Humans are in it for more than survival, we are in it to grow. Part of having awareness is that we realise that there is more to life than eating, sleeping and fornicating. Although many would be happy with a little more of the latter.
Being aware and wanting to grow means that we have a sense of where we are going, the future, and where we have been, the past. What we are doing right now, is based on what we know, past, with the hope of getting somewhere in the future. This is how we basically experience and act according to time.
This movement would be a progression through time, progress, and we mark it with milestones, achievements. Achievements are very important to humans as it is how we know we are making progress towards where we want to go.
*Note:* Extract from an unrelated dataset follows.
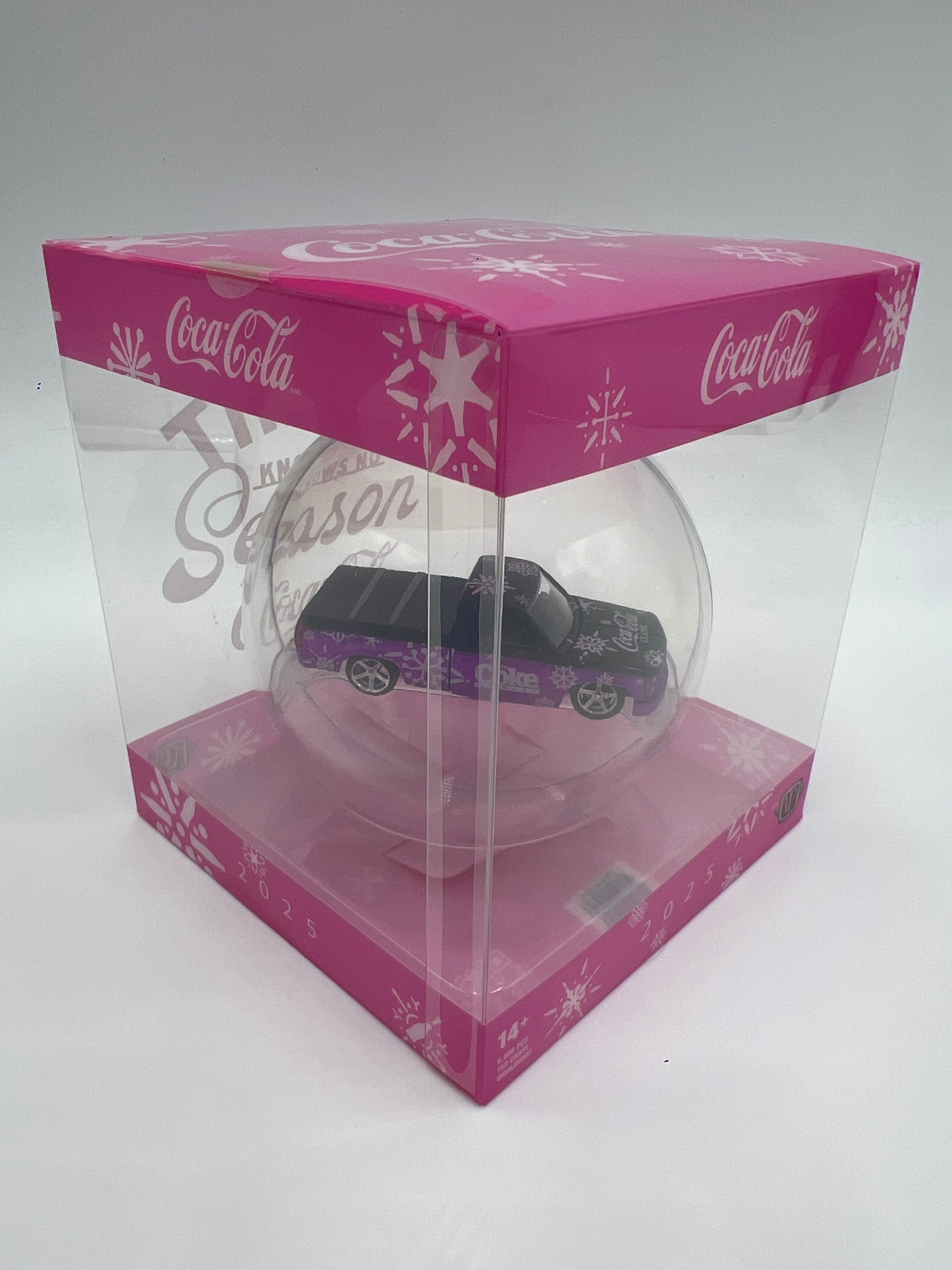 2025 M2 Machines Coca Cola Holiday Christmas Ornaments 1990 Chevrolet C1500 Silverado OBS Purple/Black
They are things we plan for, invest for and realise.
Some people of course count their achievements retroactively, this is cheating. It is rewriting personal history as if it was intended, but that is another post entirely.
When we aim and hit what we aim for, it feels good. A positive feedback loop that provides happy endorphins to the brain and leaves us with a sense of achievement, some personal feeling of pride in what we have done. This drives us to want to feel it again.
But, to feel it again, we must up the challenge for once a goal becomes easy to reach, the sense of achievement falls away. We no longer get the rush of aiming, reaching and emotional feedback. This is why we push harder and harder to get more and more.
There are many ways that this manifests itself in humans. Some get this sense from sporting development, some physical strength or mental challenge, some from charitable action, some from making money. Competition is tied closely to achievement, the act of 'beating' someone seems to make the achievement more worthy, sometimes of course, it is required for a sport or tender application.
But, in general, to consistently achieve, one must aim, do, learn, redo, succeed, up the challenge, aim again, do, fail, learn, repeat. It is a constant spiral of development where skills are constantly tried and tested and with each success and failure, learning takes place and the skills are improved. This is how it has always been, this is how we evolve.
Until recently.
Whereas in the past skills were developed with each iteration of the achievement cycle, now the sense of achievement can be built without much investment or skill improvement results. It is called, gamification. And it is everywhere.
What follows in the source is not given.